> **Exercise goal**: Data follows below. Repeat exactly the lines between the line holding "Vista Las Palmas - Residential" and the line holding "Несколько человек погибли", inclusive, and nothing more; drop pictures.

> **Records supplied**:
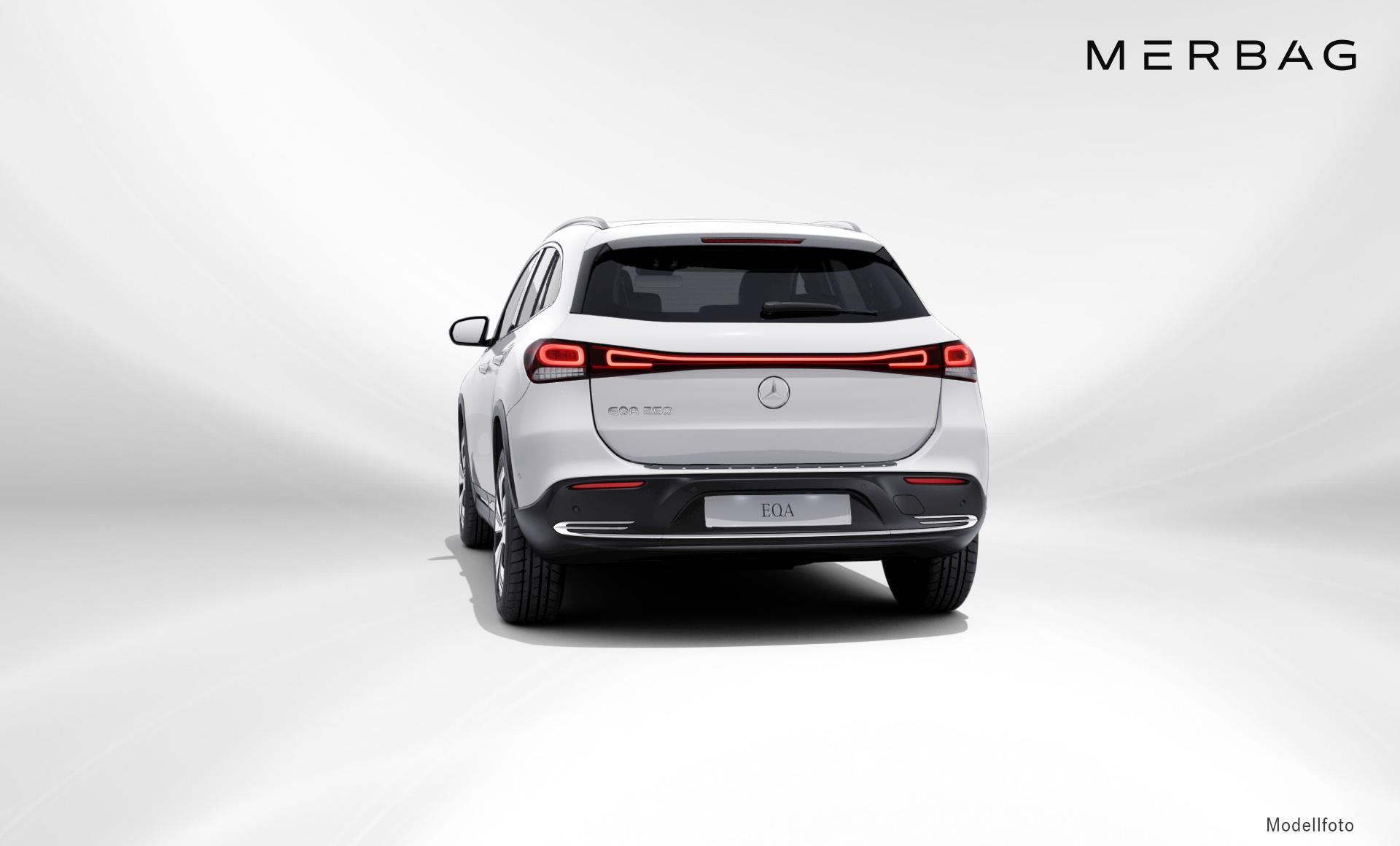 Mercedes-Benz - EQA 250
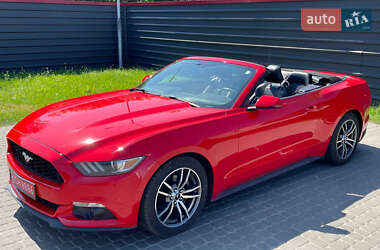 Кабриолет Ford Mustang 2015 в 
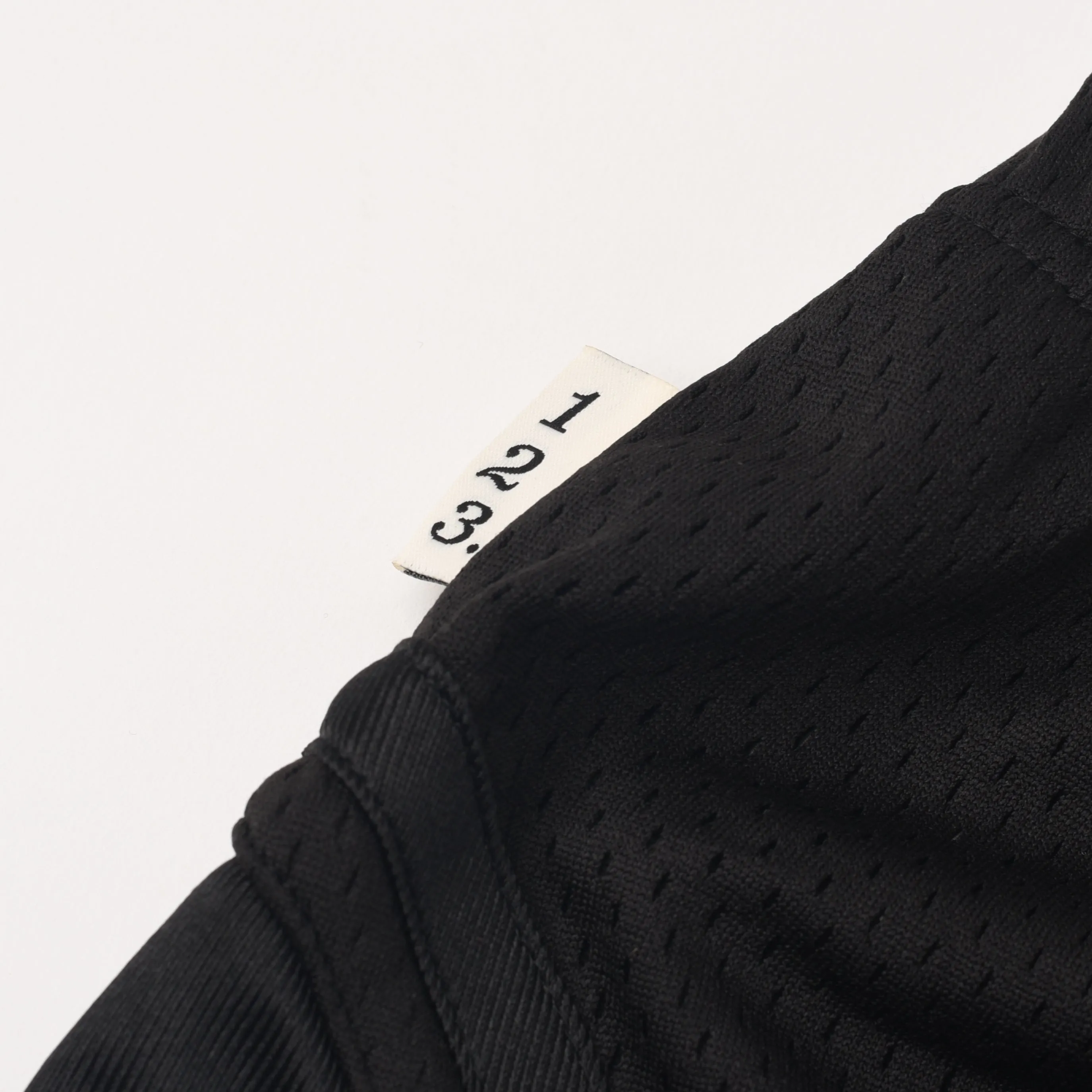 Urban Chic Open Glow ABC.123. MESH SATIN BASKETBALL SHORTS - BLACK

==

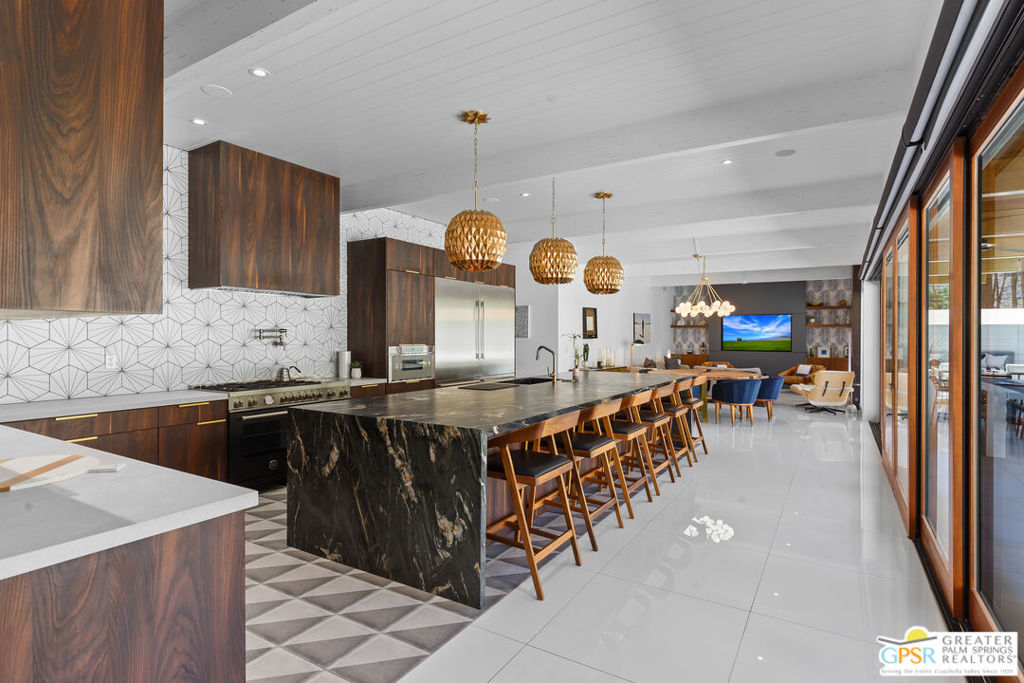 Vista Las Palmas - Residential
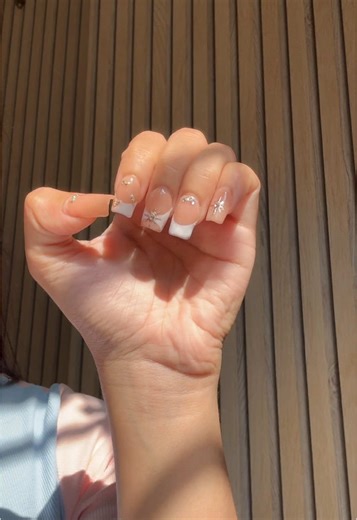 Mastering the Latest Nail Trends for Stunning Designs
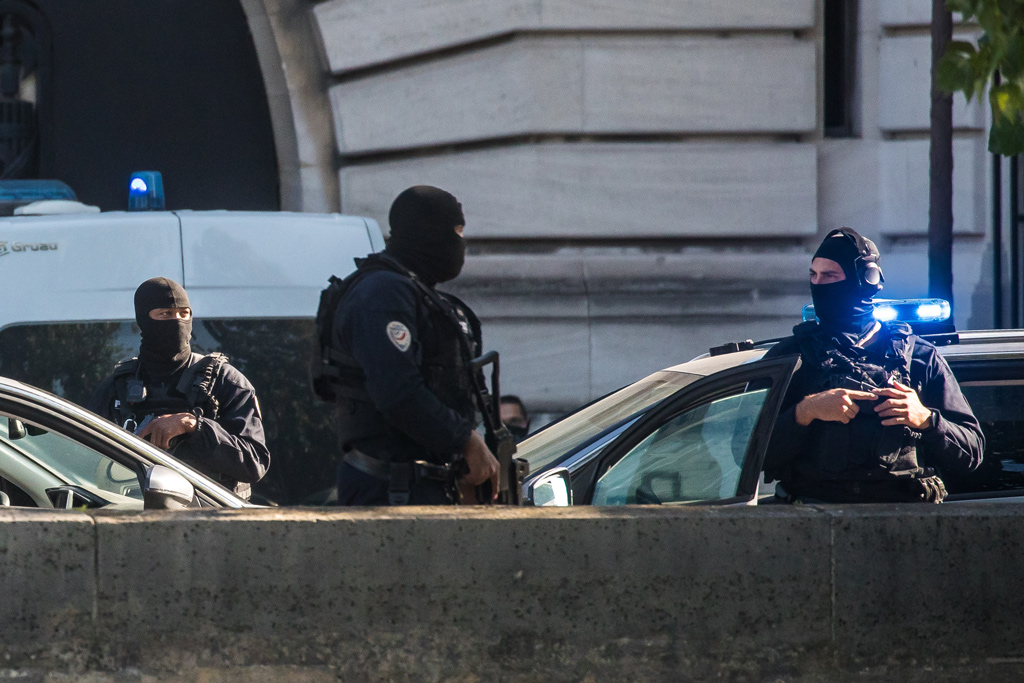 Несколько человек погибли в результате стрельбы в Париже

> **Exercise result**:
 Vista Las Palmas - Residential
 Mastering the Latest Nail Trends for Stunning Designs
 Несколько человек погибли в результате стрельбы в Париже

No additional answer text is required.